History

United States
- Name: Council Bluffs
- Owner: United States Shipping Board
- Builder: Great Lakes Engineering Works
- Launched: 27 December 1918
- Out of service: 13 November 1919
- Fate: wrecked at Terschelling, the Netherland on 13 November 1919

General characteristics
- Type: Steamship
- Tonnage: 2450 BRT
- Length: 124 m (406 ft 10 in)
- Beam: 16 m (52 ft 6 in)
- Crew: 38

= SS Council Bluffs =

American cargo ship (1918–1919)

SS Council Bluffs was a 1918-built, 77.1 metres long American cargo steamship. It was built by Great Lakes Engineering Works and owned by United States Shipping Board. During the morning of 13 November 1919, the ship sank by a mine near Terschelling, the Netherlands. The wreck of the ship was found in 1993.

==Ship details==
The steel cargo ship was built in 1918 or 1919 by Great Lakes Engineering Works and owned by United States Shipping Board of Detroit. She was 77.1 m long and had a width of 13.3 m. She had tonnage of 2450 GRT. She had a 1 x 3-cylinder triple expansion steam engine with a single shaft and 1 screw. She had a speed of 9.5 knots. She had yard number 213 and the Official number: 217512.

==History==
On 16 October 1919 she departed from Philadelphia, United States to Rotterdam, the Netherlands. After arriving in Rotterdam, she departed on 12 November 1919 to Hamburg, Germany. From Hamburg she was scheduled to take cargo to the United States.

===Fate===
During the morning of 13 November 1919 at around 8am, she struck a mine near the Dutch coast. She broke into two pieces and sank. The 38 crew memberes were able to get into two lifeboats. After being for three hours in the lifeboats, they were found by Dutch minesweeper Hr.Ms. M1 that was actually in search for lifeboats of the sunken ship Zaan.
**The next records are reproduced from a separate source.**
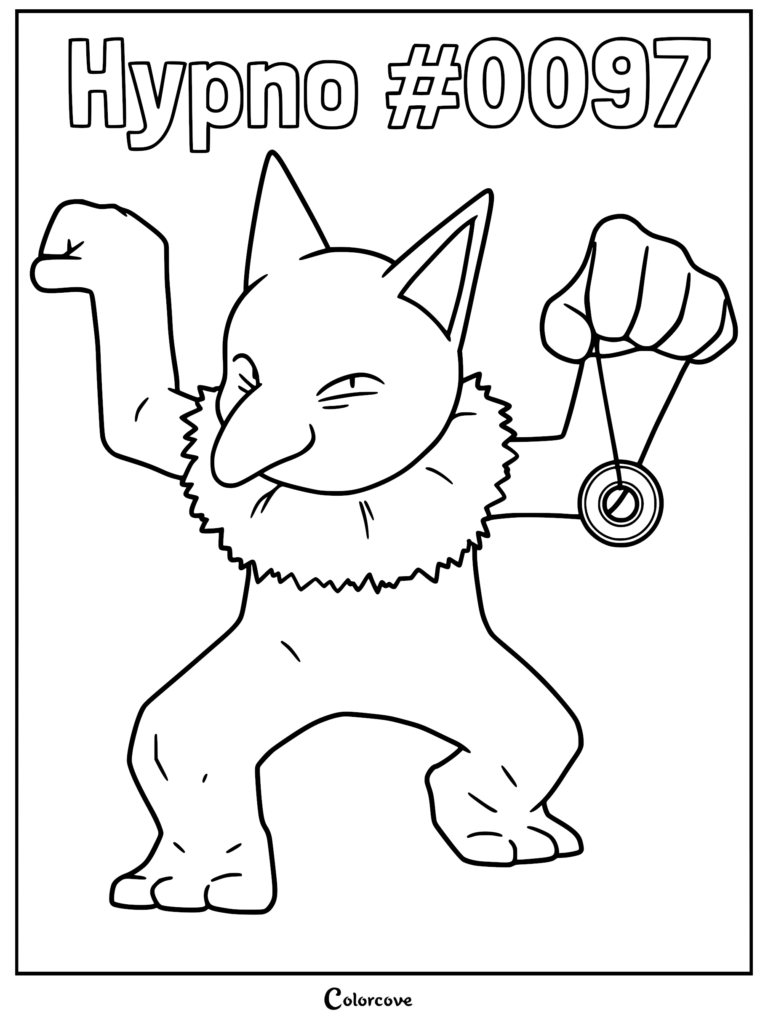 Hypno holding a pendulum in this printable Pokemon Kanto coloring page
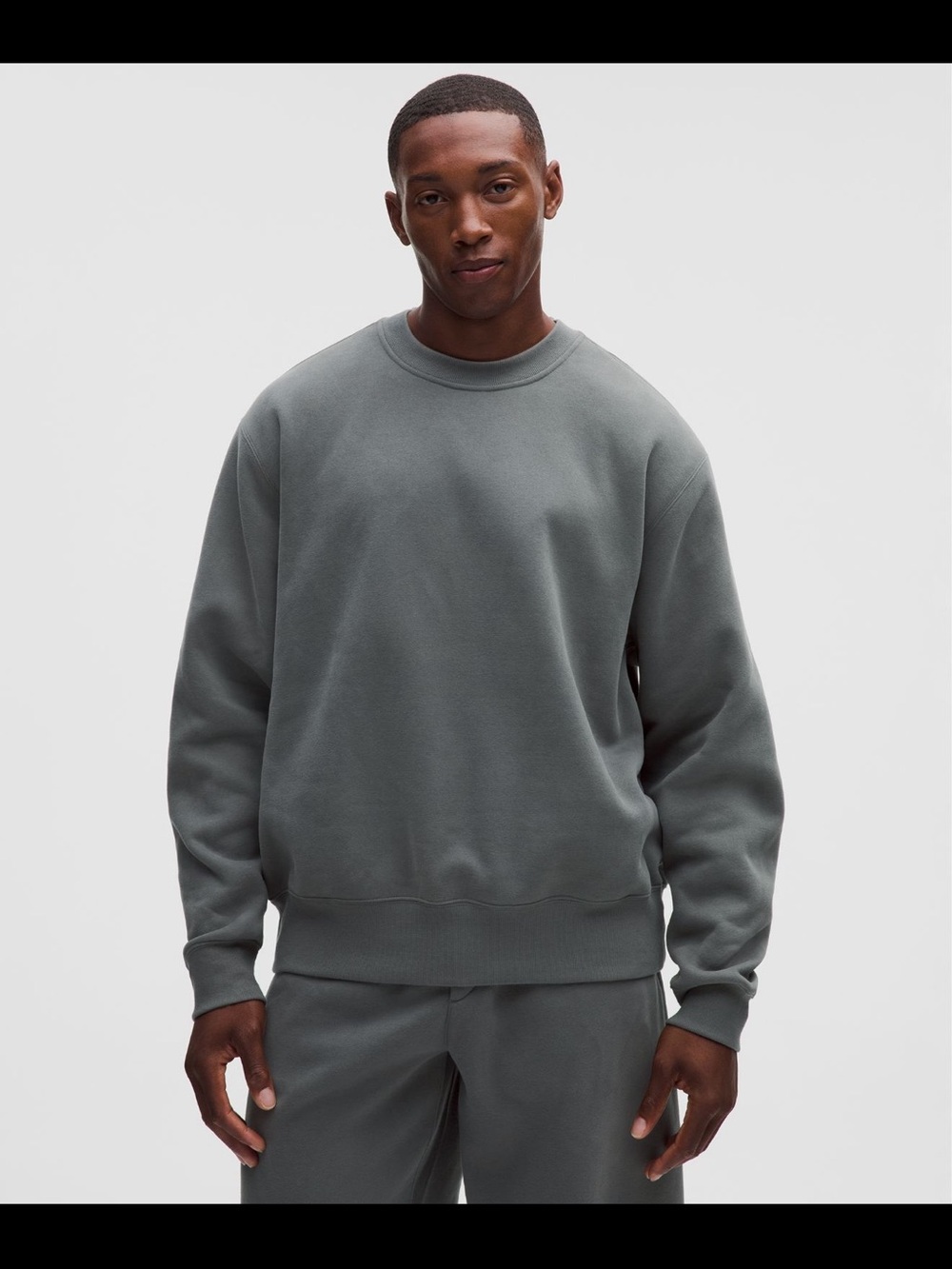 NWT Lululemon Men's Crewneck Steady State Super Loft Sweatshirt in Onxy Grey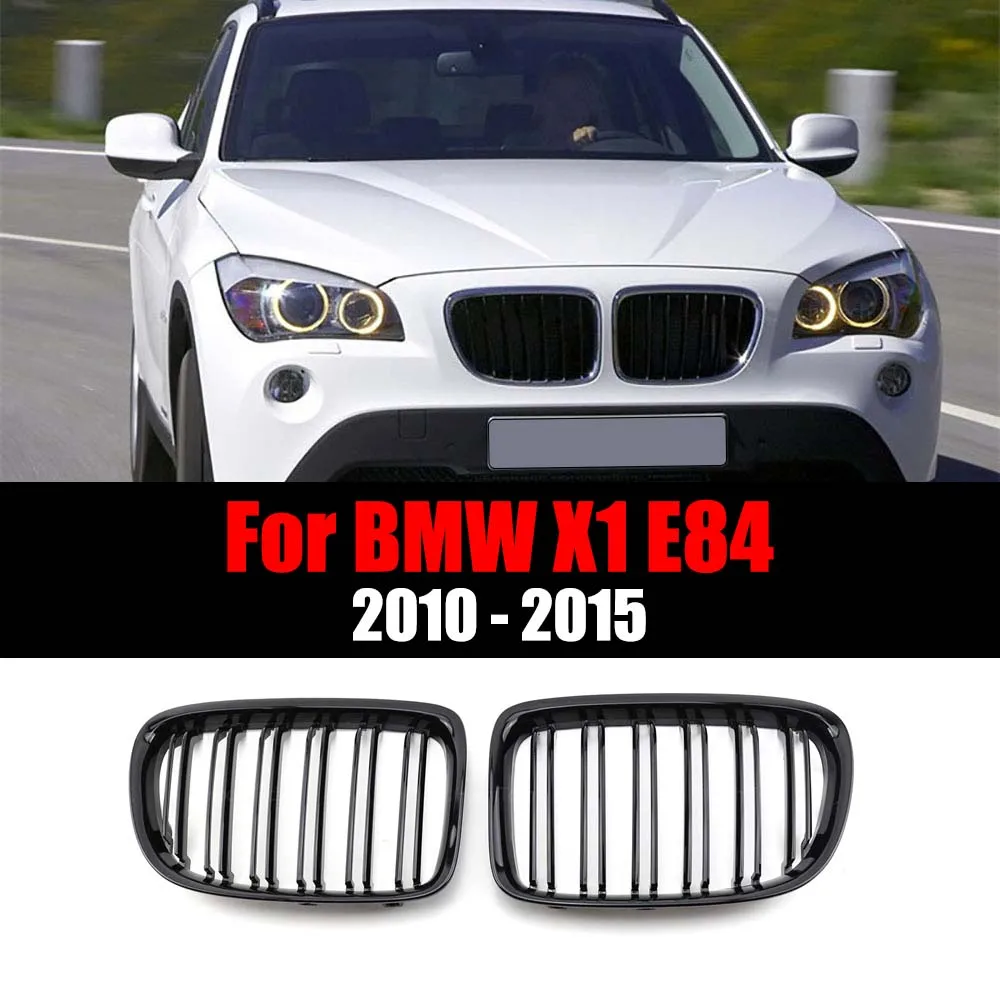 

Решетки для переднего бампера автомобиля, двойная линия, глянцевый черный для BMW X1 E84 2010-2015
The crew members arrived at Nieuwediep at 6pm and were brought to several hotels.

==Wreck==
In 1993 the wreck of the ship was found by divers of Terschelling. The two parts of the ship are lying 80 metres apart from each other. The bow was standing upright. Two anchors were still in the lockers that were secured on the forecastle with chain stoppers. The ship was broken behind the anchor lockers. A porthole is still visible. Very little remains of the stern. Recognizable were the rudder quadrant and the rudder stock that protrudes meters above the bottom. Half in the sand two Scottish steam boilers and a large triple-expansion steam engine. In the stern were many refractory boiler bricks marked “Sawyer & Fisher Phoenix No.1.”; “Savage” and “Sawerville”.